Johannesburg Institute for Advanced Study (JIAS)
- Founded: 14 May 2015; 11 years ago
- Headquarters: Johannesburg,
- Key people: Professor Victoria Collis-Buthelezi (director)
- Parent: University of Johannesburg
- Website: jias.joburg

= Johannesburg Institute for Advanced Study =

Collaborative educational centre in South Africa

The Johannesburg Institute for Advanced Study (JIAS), launched in 2015, is a collaborative initiative involving the University of Johannesburg (UJ) in South Africa and Nanyang Technological University (NTU) in Singapore.

== Overview ==
Established on 14 May 2015, JIAS deviates from conventional educational and research routines, focusing instead on promoting cooperative and concentrated scholarly pursuits within the Humanities and Natural Sciences.

JIAS also collaborates with other tertiary institutions nationwide.

JIAS operates from a residential facility situated in the outskirts of Johannesburg. The inaugural meeting of JIAS, co-chaired by UJ's Vice-Chancellor, Professor Ihron Rensburg, and NTU's President, Professor Bertil Andersson, coincided with the institute's launch day. Attendees included Professor K. K. Phua, director of the NTU Institute for Advanced Study, Professor Tshilidzi Marwala, former Deputy Vice-Chancellor (Research, Postgraduate Studies & Library) and later Vice-Chancellor and Principal of UJ, Dr Yu-Hyun Park from NTU's President's Office, and Professor Peter Vale, Director of JIAS.

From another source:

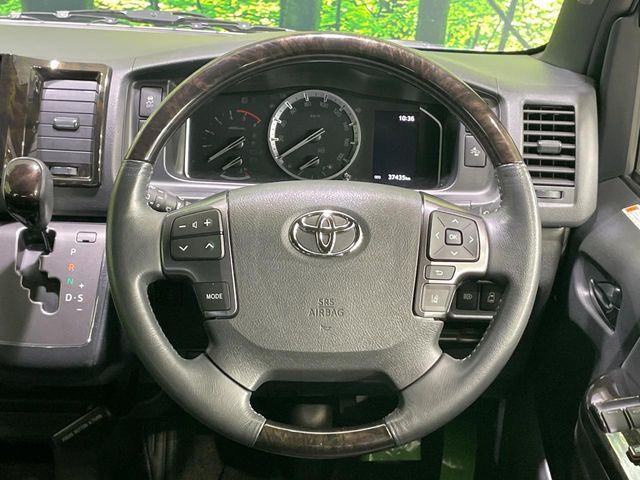 HIACE van 4WD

Taking over from Dr Bongani Ngqulunga, Professor Victoria Collis-Buthelezi has served as the director of JIAS since September 2024.

JIAS funds Writing Fellowships, recipients of which have been drawn from different disciplines: academics, novelists, scientists, poets, playwrights, independent researchers and journalists. JIAS is host to the annual Johannesburg Festival of Women Writers, inaugurated in February 2023 by Barbara Masekela.